- _EXERCISE DESCRIPTION_
Only the lines from the beginning of the listing below through the line with "4 lådor holografiskt" belong in the answer; please print them exactly and drop the pictures.

- _RECORDS PROVIDED_
[Start of Attachment]

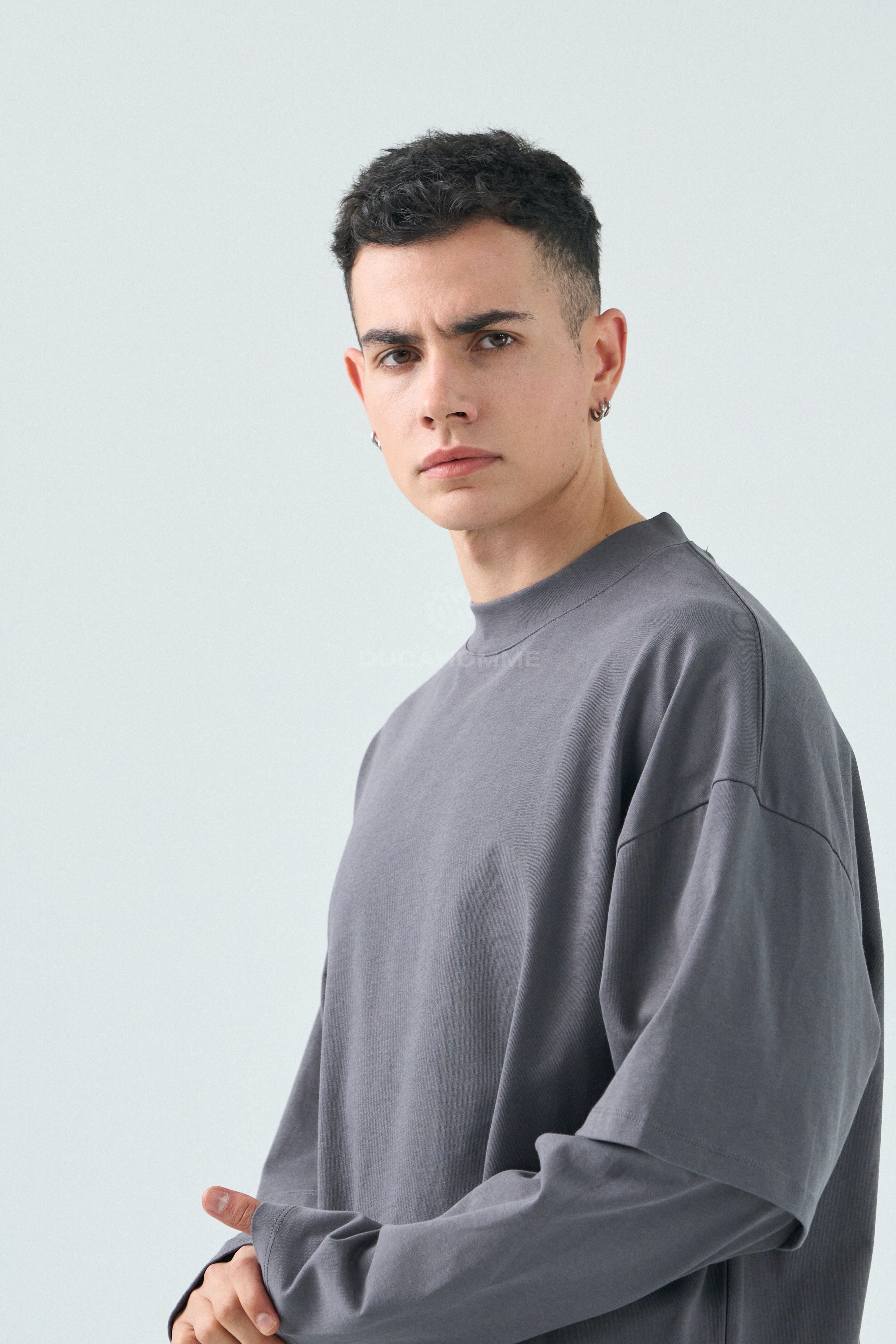 Maglietta Oversize Layered Grigia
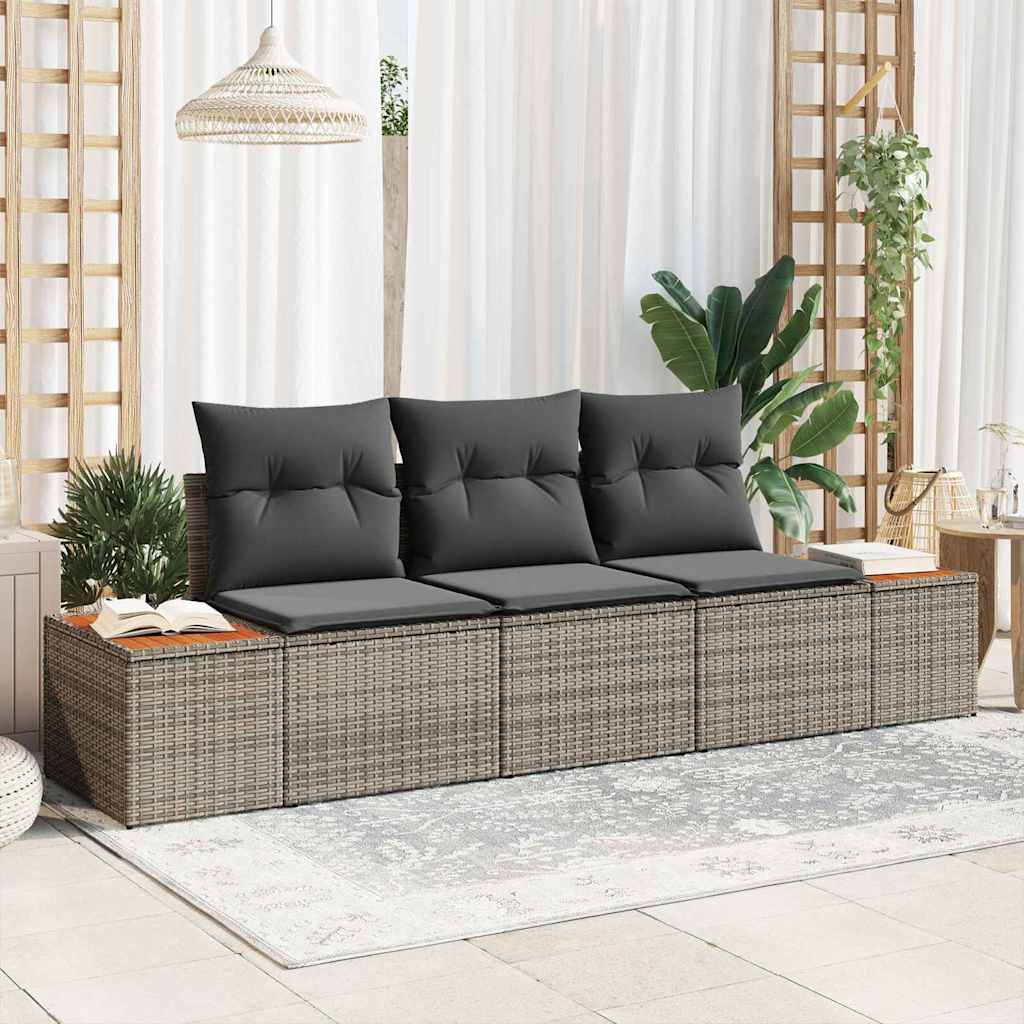 vidaXL Conjunto de sofá de jardín 3 uds. 3-Número de plazas Gris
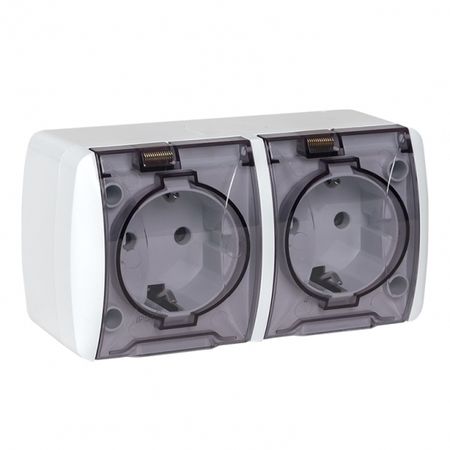 Розетка EKF Владивосток накладная белая с крышкой (EQR16-129-30-54-T) корзинка полимербыт traymix с крышкой белая 12 л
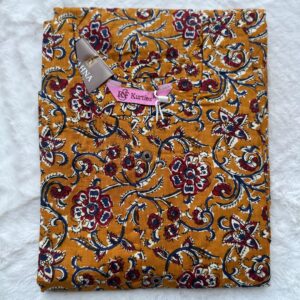 Floral Printed cotton A Line Kurta With Button and Front Slit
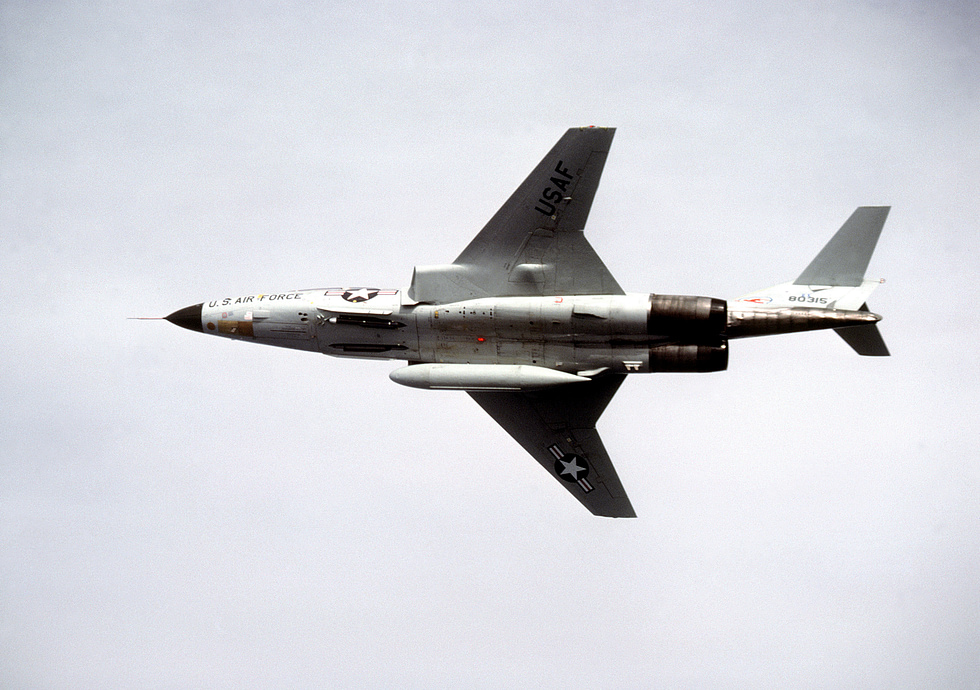 An F-101B seen from below in 1978, showing the twin-engine planform and swept wing of the Voodoo.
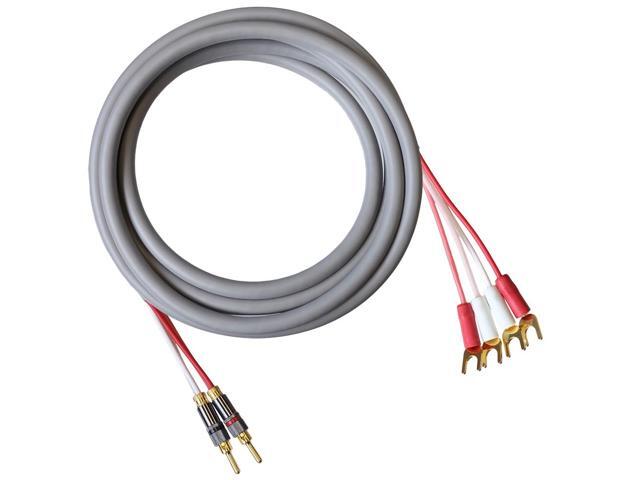 Canare 4S11 Speaker Cable, with Ultrasonically-Welded Bi-Wire Terminations (One Cable - for one Speaker); Assembled in The USA (50 Foot, Grey, Two.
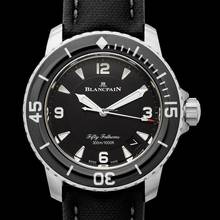 Thumbnail von Blancpain Fifty Fathoms 5015-12B30-B52A - Fifty Fathoms Automatique Titanium / Black / Canvas 45mm </h1>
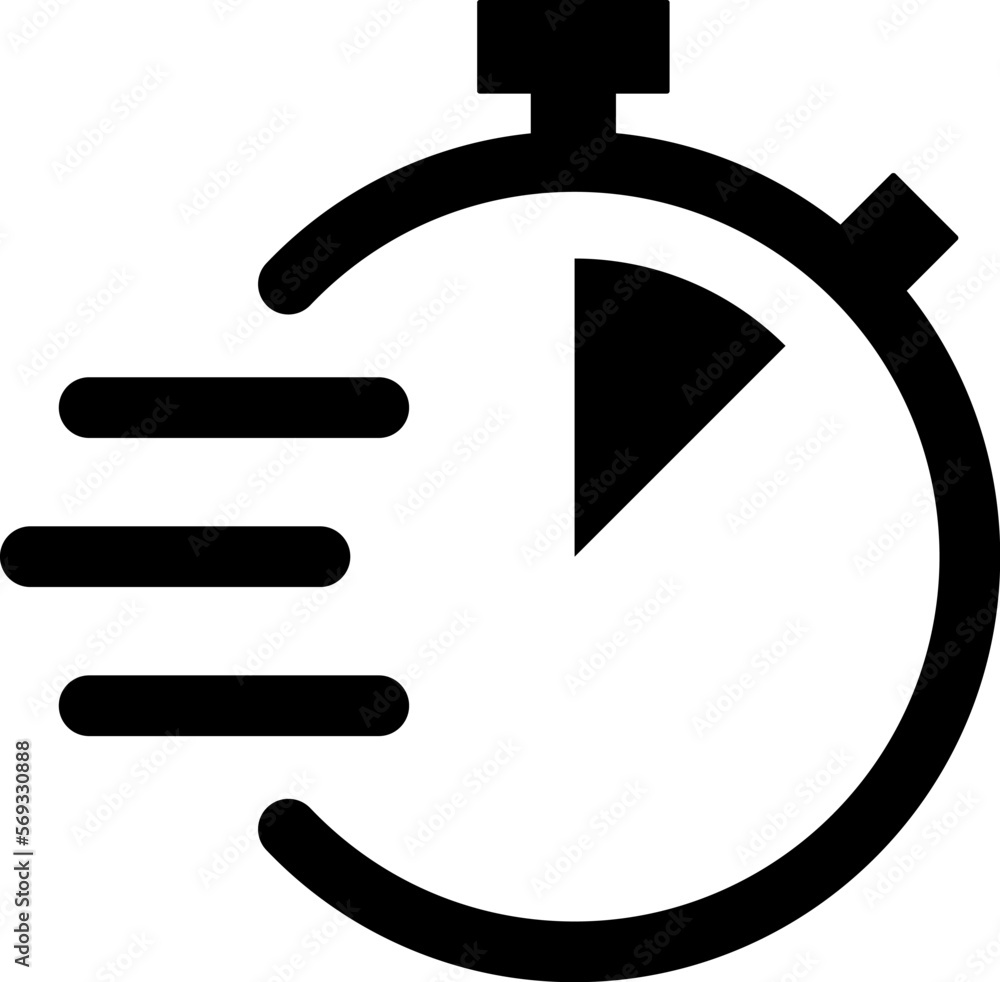 Shortest time stopwatch vector icon black and white. Stock Vector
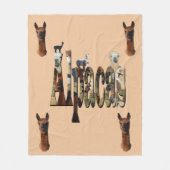 アルパカとアルパカのロゴ フリースブランケット (正面)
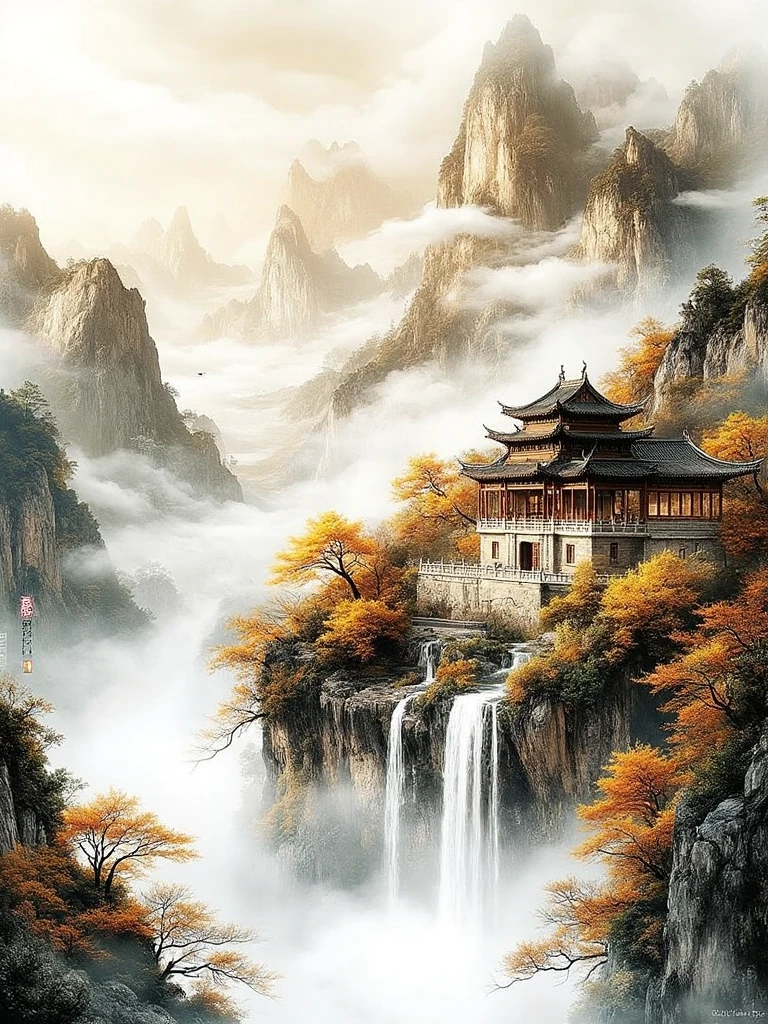 A_Ink-Wash Landscape Style_Ancient Architecture Landscape Generation v1.0
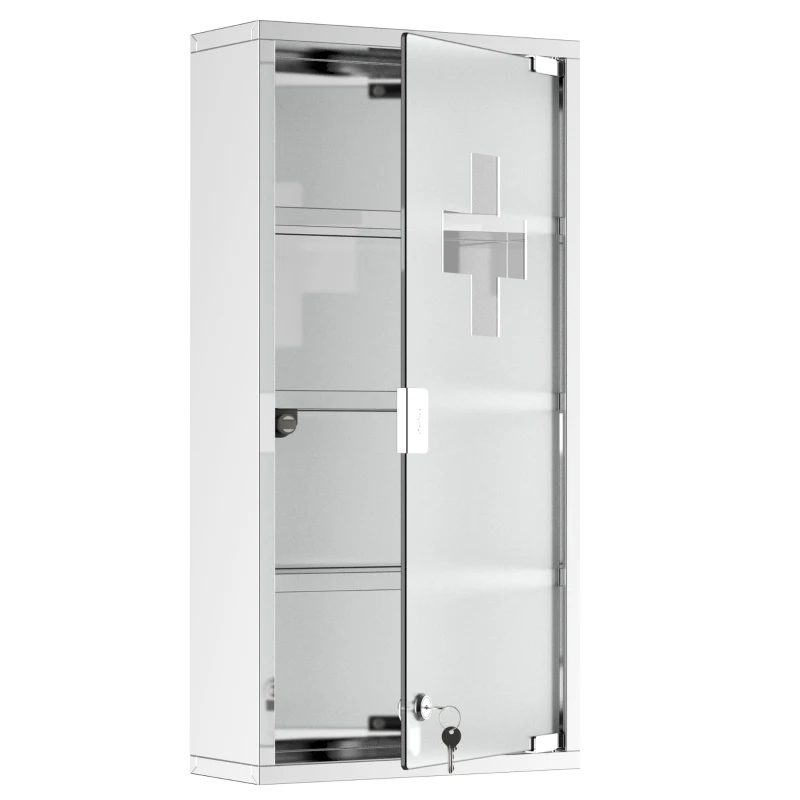 Homcom Dulapior Medicamente – Inox 30×12×60 cm cu 4 Rafturi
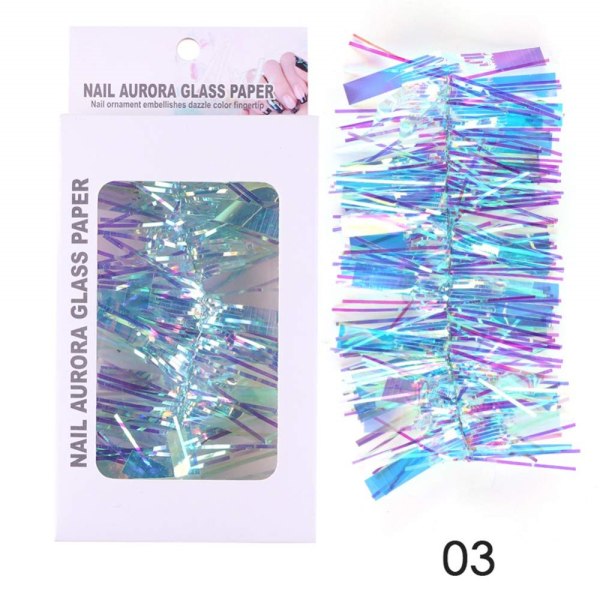 4 lådor holografiskt glas spikpapper klistermärke Gradient Aurora överföringsfolie Shinning spegel wraps holografisk nail art dekoration glitter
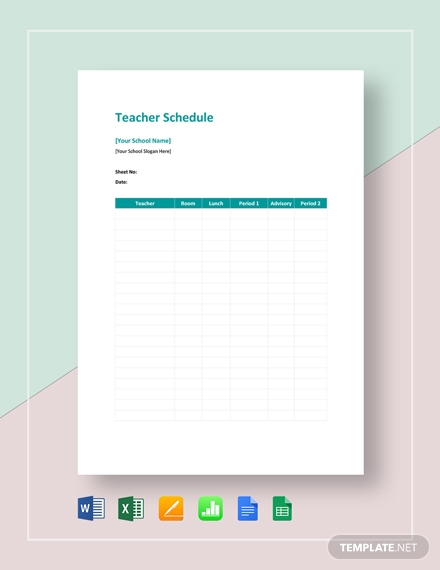 Teacher Schedule Template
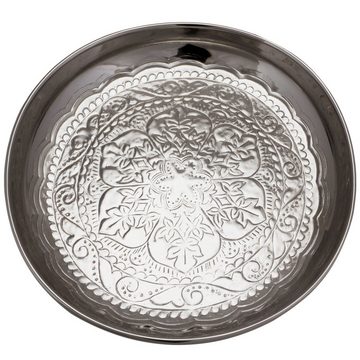 Marrakesch Orient & Mediterran Interior Tablett Orientalisches rundes Tablett Schale aus Metall Afet 31cm groß, Handarbeit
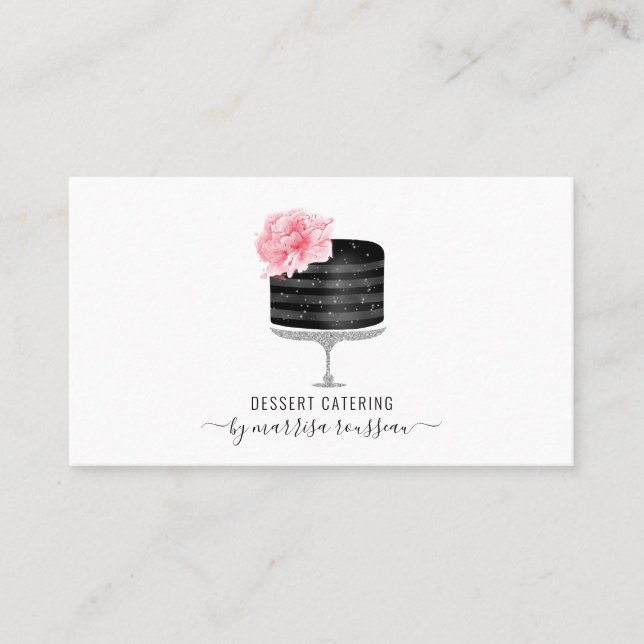 Baker Pastry Chef Watercolor Cake Dessert Caterer  Business Card (Front)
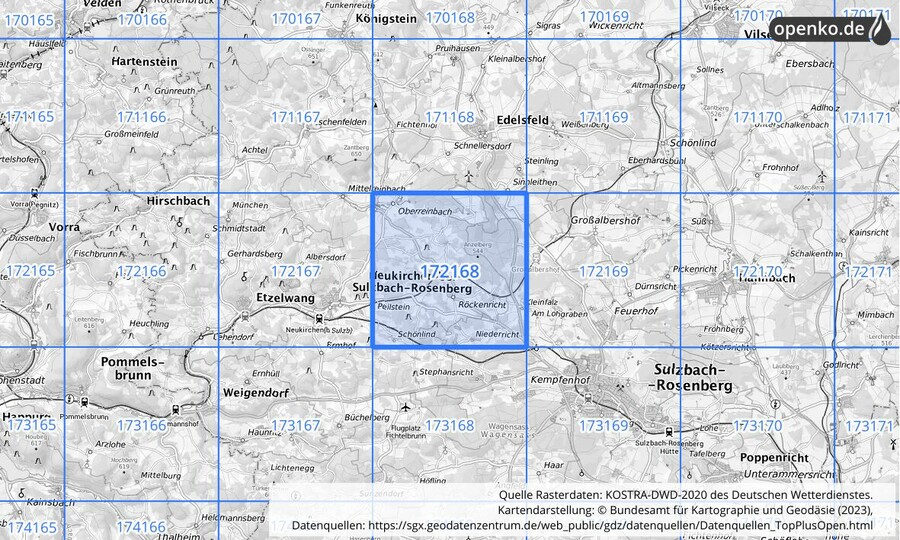 Übersichtskarte des KOSTRA-DWD-2020-Rasterfeldes Nr. 172168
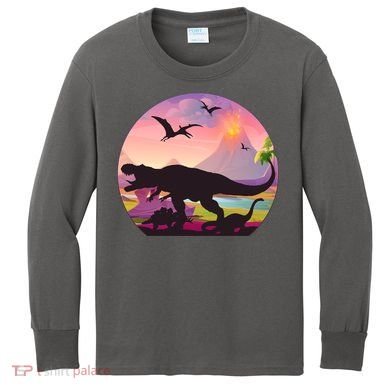 Cool Prehistoric Dinosaur Land Kids Long Sleeve Shirt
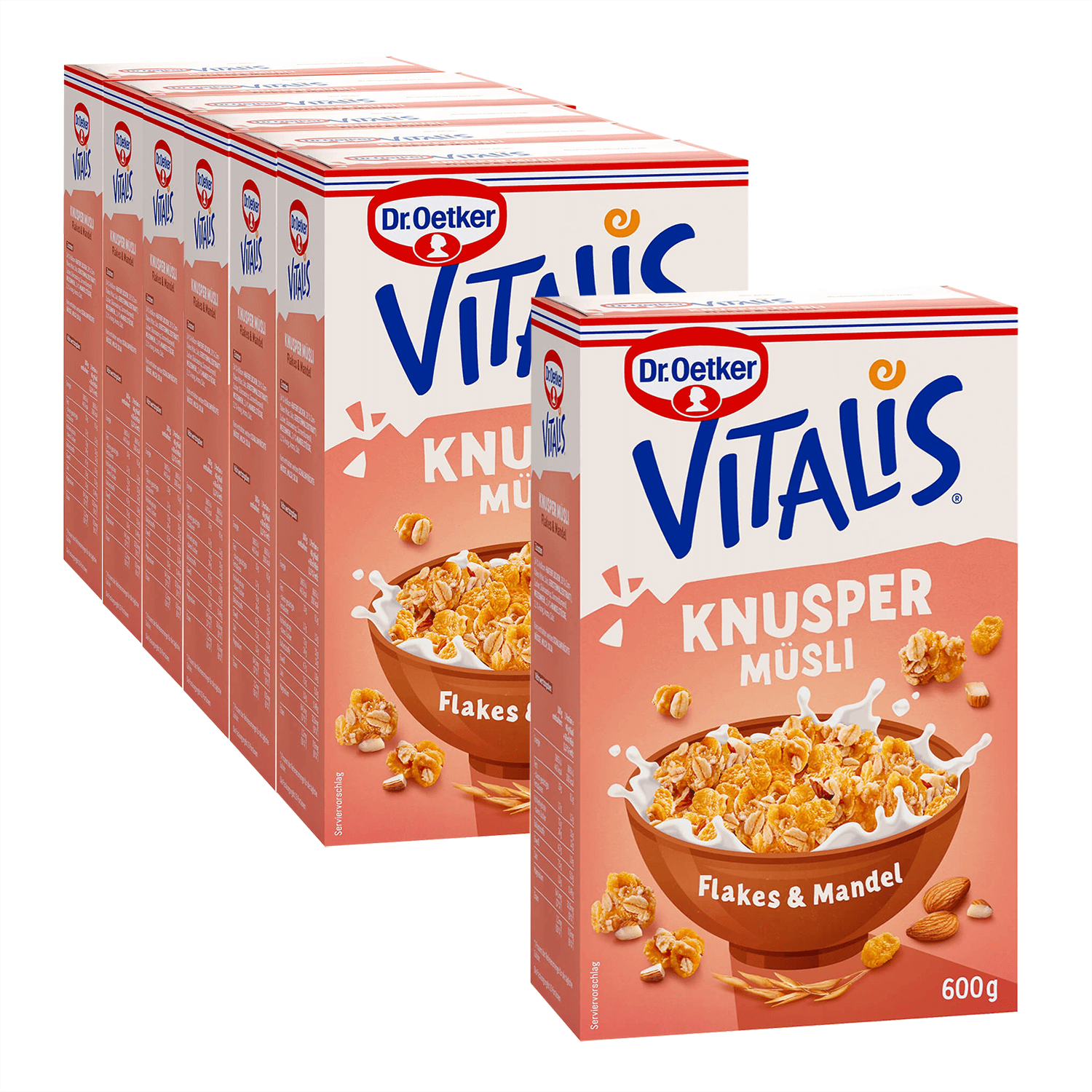 Vitalis Knuspermüsli Flakes+Mandeln, 6er Pack + 1 gratis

[End of Attachment]

- _EXPECTED ANSWER_
 Maglietta Oversize Layered Grigia
 vidaXL Conjunto de sofá de jardín 3 uds. 3-Número de plazas Gris
 Розетка EKF Владивосток накладная белая с крышкой (EQR16-129-30-54-T) корзинка полимербыт traymix с крышкой белая 12 л
 Floral Printed cotton A Line Kurta With Button and Front Slit
 An F-101B seen from below in 1978, showing the twin-engine planform and swept wing of the Voodoo.
 Canare 4S11 Speaker Cable, with Ultrasonically-Welded Bi-Wire Terminations (One Cable - for one Speaker); Assembled in The USA (50 Foot, Grey, Two.
 Thumbnail von Blancpain Fifty Fathoms 5015-12B30-B52A - Fifty Fathoms Automatique Titanium / Black / Canvas 45mm </h1>
 Shortest time stopwatch vector icon black and white. Stock Vector
 アルパカとアルパカのロゴ フリースブランケット (正面)
 A_Ink-Wash Landscape Style_Ancient Architecture Landscape Generation v1.0
 Homcom Dulapior Medicamente – Inox 30×12×60 cm cu 4 Rafturi
 4 lådor holografiskt glas spikpapper klistermärke Gradient Aurora överföringsfolie Shinning spegel wraps holografisk nail art dekoration glitter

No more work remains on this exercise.